** Opening Material for this exercise block **

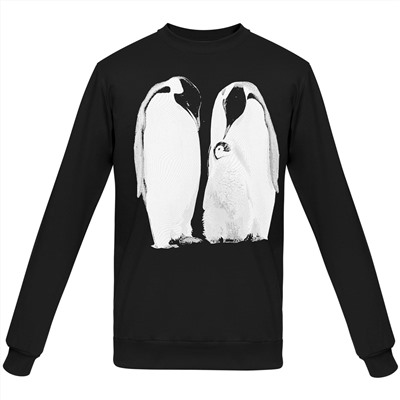 Свитшот Like a Penguin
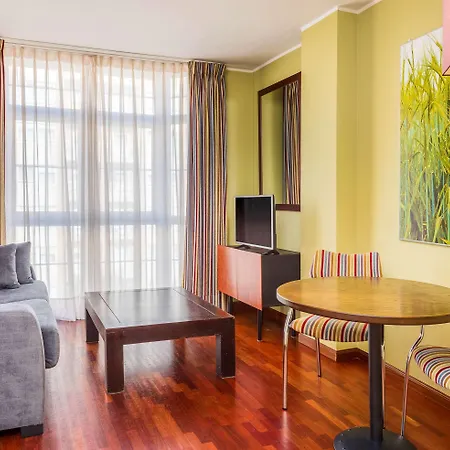 Tryp Sofia Parquesol Hotell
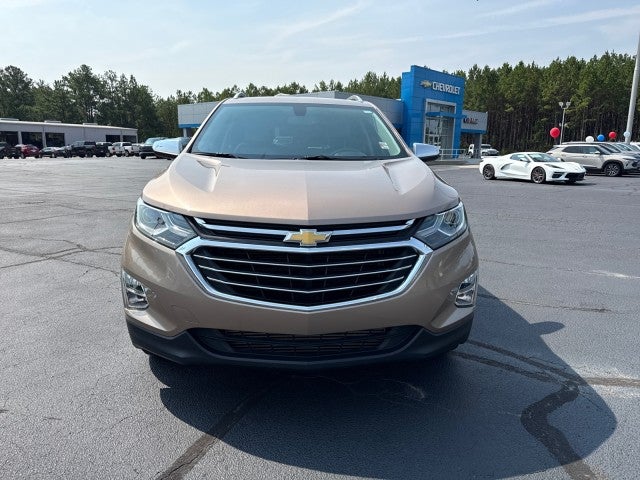 2019 Chevrolet Equinox Premier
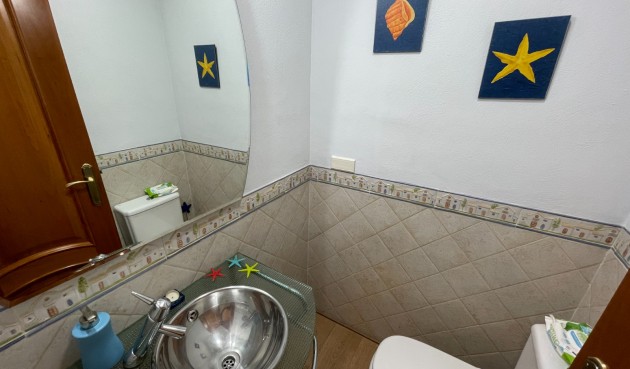 Brukt - Town House -
Elche - Costa Blanca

** Closing Material for this exercise block **

All records above are to be printed exactly, minus the pictures they contain.

● **Task result**
 Свитшот Like a Penguin
 Tryp Sofia Parquesol Hotell
 2019 Chevrolet Equinox Premier
 Brukt - Town House -
Elche - Costa Blanca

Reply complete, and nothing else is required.